For a variety of reasons, I have long been fond of the music of Keane. One of their songs, called “Black Burning Heart” taught me a word that I had not known before, and I am always pleased when I can learn useful vocabulary words. The word cenotaph is a very fancy word describing a rather striking monument, an empty tomb dedicated in honor of someone whose body is buried elsewhere. Most people would not use this word at all in their lives, except that there are a few possible situations where the word could be used naturally and easily in certain contexts. Let us discuss at least one of these contexts briefly before we discuss why I thought about this matter today.
The Bible is not really about cenotaphs. Even though to be buried is an extremely important matter in the Bible, to the extent where not to be buried is an incredible curse on a person. Despite this, the Bible demonstrates an immense lack of interest in monumental graves. David’s grave, which was apparently recognizable for at least a millennium, was mainly a reminder of the fact that he saw death and corruption and therefore was not the promised Messiah. Other biblical figures, like Moses and Jesus Christ would appear to have been prominent candidates for a cenotaph, but so far as we know the early Church had little interest in the particular place where Jesus spent three days and three nights in the ground (and it only became of interest later on, after the Church had departed from God’s ways). We know from the scriptures (namely, in Jude, quoting a work called the Assumption of Moses) that there was some argument over the location of Moses’ death because knowing the location of Moses’ grave would make the place on Mt. Nebo a location for superstition and false worship.
Growing up in central Florida, I grew up with a lot of fog around. The fog was thick, blocking vision sometimes within a few feet, settling in deep over the low ground without many hills to break up the terrain. Like fog tends to do it burns up quickly in the heat of the Florida sun, leaving no trace of its power or obscurity as it fades away into oblivion. The fog that is so powerful that one cannot see through it or shine light through it fades in the air in the heat and light of the sunshine, given a little bit of time. Sometimes we see the same sort of phenomenon in our own personal lives where fog appears to be strong but fades away in time, although in some hollows the fog can linger for a very long time indeed.
Portland is a city with a lot of fog.

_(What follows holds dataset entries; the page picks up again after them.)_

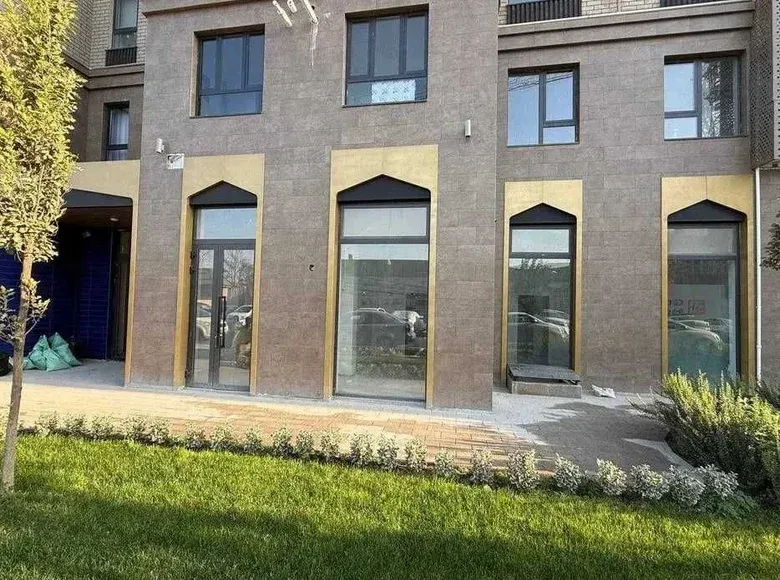 Sotiladi tijorat binosi, 94 m², 1/16 qavat — Mirobod tumani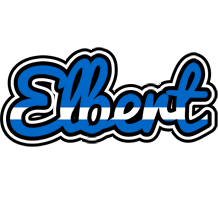 Elbert greece logo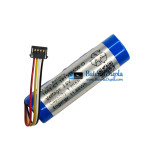 Bateria para PLC LC06 1643-CT-1P1S18650-O [bateria de reposição]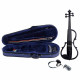 GEWA E-Violin 4/4 (Black) 401.647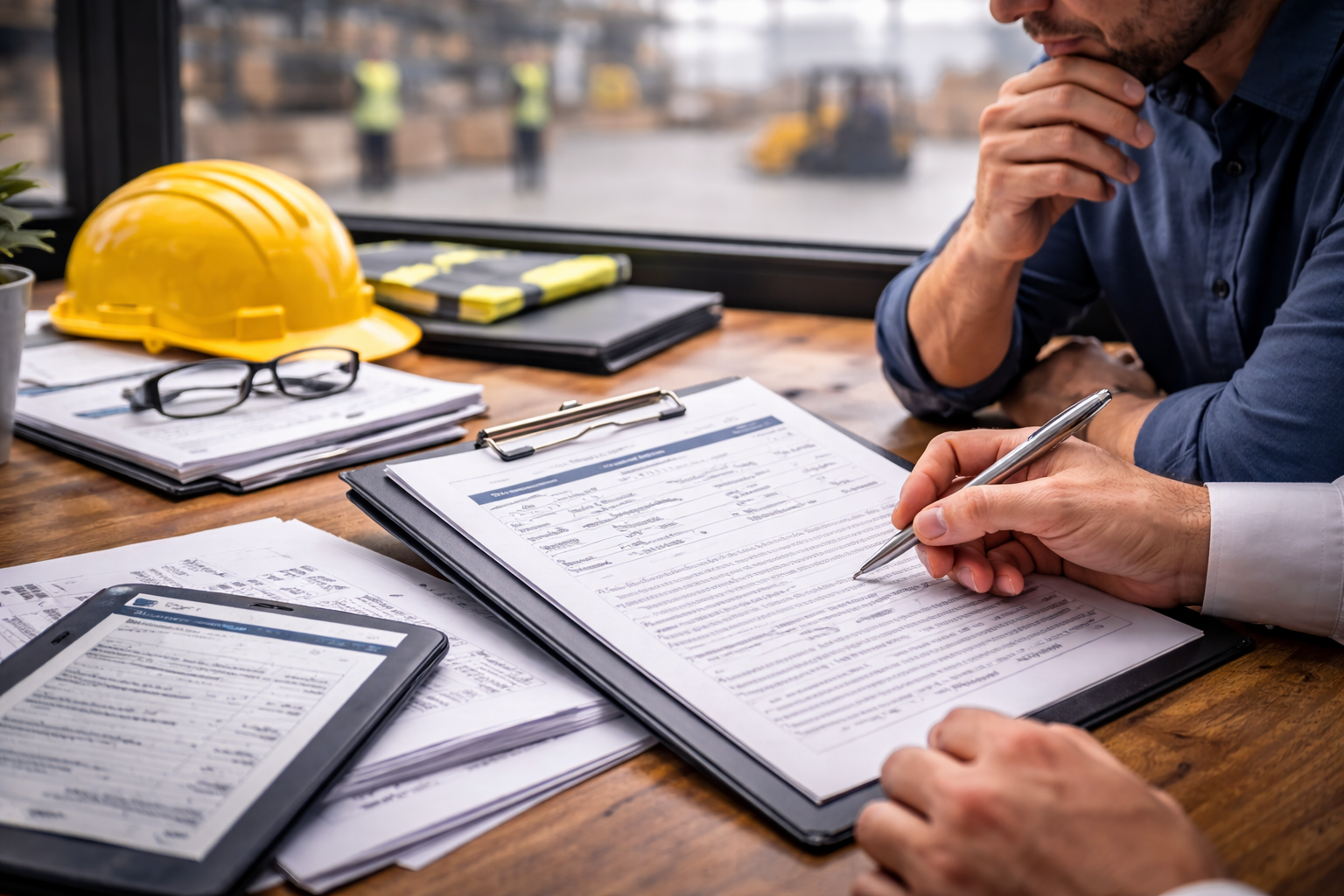 Common Accident Book Mistakes Employers Make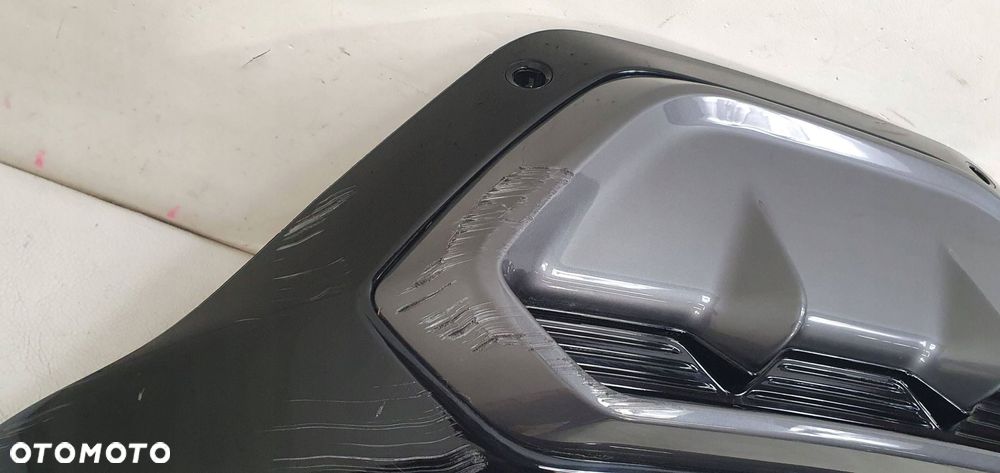 dokładka zderzaka tył tylna cupra terramar 578807094 - 6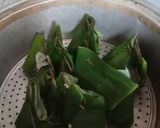 Foto langkah ke 6 dari resep Bongko kangkung.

Given that I do a fair amount of driving in the waning moments of the darkness and the early moments of the morning, I see a lot of fog. This morning as I crossed the Willamette River the entire west bank of the river was shrouded in clouds so as to be nearly invisible. When one is driving through traffic slowly, one sees a lot of fog, especially as it appears that Portland drivers are drawn to looking at disabled cars on the side of the road as well as the remnants of accidents also off of the road like small town rubberneckers instead of as the big city drivers who keep on driving regardless of what is going on around them. Driving in traffic gives one plenty of time to think on occasion. And often I wonder about myself, whether my own life and my own life’s works would be memorialized best in a cenotaph of fog, a monument to evanescence and the fading away of our lives. I wonder if anything that I have created will endure. So much of what we spend our lives in fades away and is forgotten. Other things we wish would fade away endure for a long time. Hopefully something good will be left of us as a monument, to help make the world a better place.